On Dec. 6, 2019, U.S. Citizenship and Immigration Services (USCIS) announced that it will implement a new preregistration process for the H-1B visa cap lottery in 2020. BakerHostetler previously addressed this development in 2019. The new system, which will go live in early 2020, will reduce the initial burden on employers seeking to sponsor new H-1B employees, but it will also raise important new issues.

The number of new H-1B visas issued each year is capped at just 85,000, except for certain H-1B petitions that are exempt from the cap. Historically, USCIS required employers to file complete H-1B cap-subject petitions, including filing fees and supporting evidence, during the first week of April. If more than 85,000 H-1B petitions were filed during the first week – which has been the trend since 2013 – USCIS conducted a random lottery to select the H-1B petitions to adjudicate. In the past several years, less than 45% of candidates were selected in the lottery.
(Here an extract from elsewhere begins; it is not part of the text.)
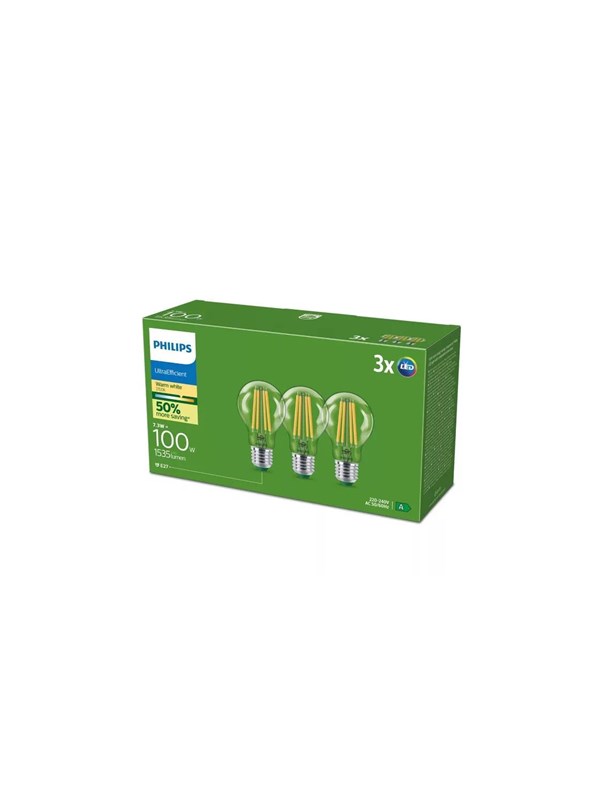 Philips LED-lyspære Ultra Efficient A60 7,3W/827 (100W) Clear 3-pack E27
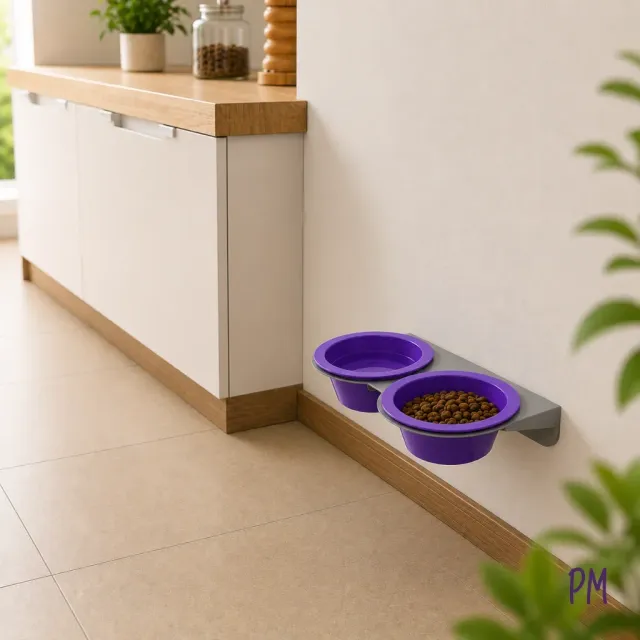 Comedero doble con soporte para amurar a la pared. Perros pequeños y gatos. 4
This year, petitioning employers will complete an electronic preregistration form for each prospective H-1B cap-subject candidate. Each registration will require basic information about the petitioning employer and employee, plus a fee of $10, and will be e-filed.

Some important facts about this new process:

  • The initial preregistration process window will be open from March 1 , 2020 through March 20, 2020, which begins one month earlier than previous cap seasons.
  • USCIS will conduct a random lottery of the registered candidates between March 20, 2020 and March 31, 2020.
  • Employers are limited to one registration per employee per year; duplicate registrations for the same candidate will be discarded.
  • USCIS will conduct the same “reverse” lottery as in 2019: first, a general lottery for 65,000 H-1Bs and then an additional lottery of 20,000 H-1Bs for candidates with graduate degrees from U.S. institutions. Conducting the general lottery first benefits those with U.S. graduate degrees by increasing the overall selection rate. Conversely, this hurts the chances of petitioning employers who sponsor applicants without U.S. graduate degrees.
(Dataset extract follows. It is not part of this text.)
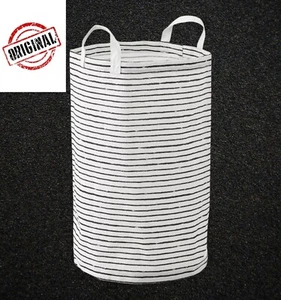 I-K-E-A KLUNKA Wäschesack 60L,Wäschekorb Korb weiß-schwarz gestreift 503.643.71 - Bild 1 von 5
After the lottery is conducted, USCIS plans to notify petitioning employers of selected candidates by March 31, 2020. USCIS may reserve a queue of unselected registrations to create a waiting list. If the H-1B cap limit is not met due to rejections, withdrawals, or untimely or abandoned filings, additional registrants from the waiting list may be notified of their selection. This process will continue until the H-1B quota has been met for 2020.

For lottery winners, petitioning employers will be granted a 90-day window to file complete H-1B petitions on behalf of the named candidates.

On balance, the new H-1B preregistration process should benefit employers. It will be less rigorous and less costly to enter a candidate in the H-1B lottery. Additionally, the new system should provide more timely notification of lottery results, which previously left many candidates waiting in limbo for months. On the other hand, the ease and low cost of preregistration may lead to flooding the system with more candidates than in previous years and reduce the overall lottery selection rate, which is already historically low.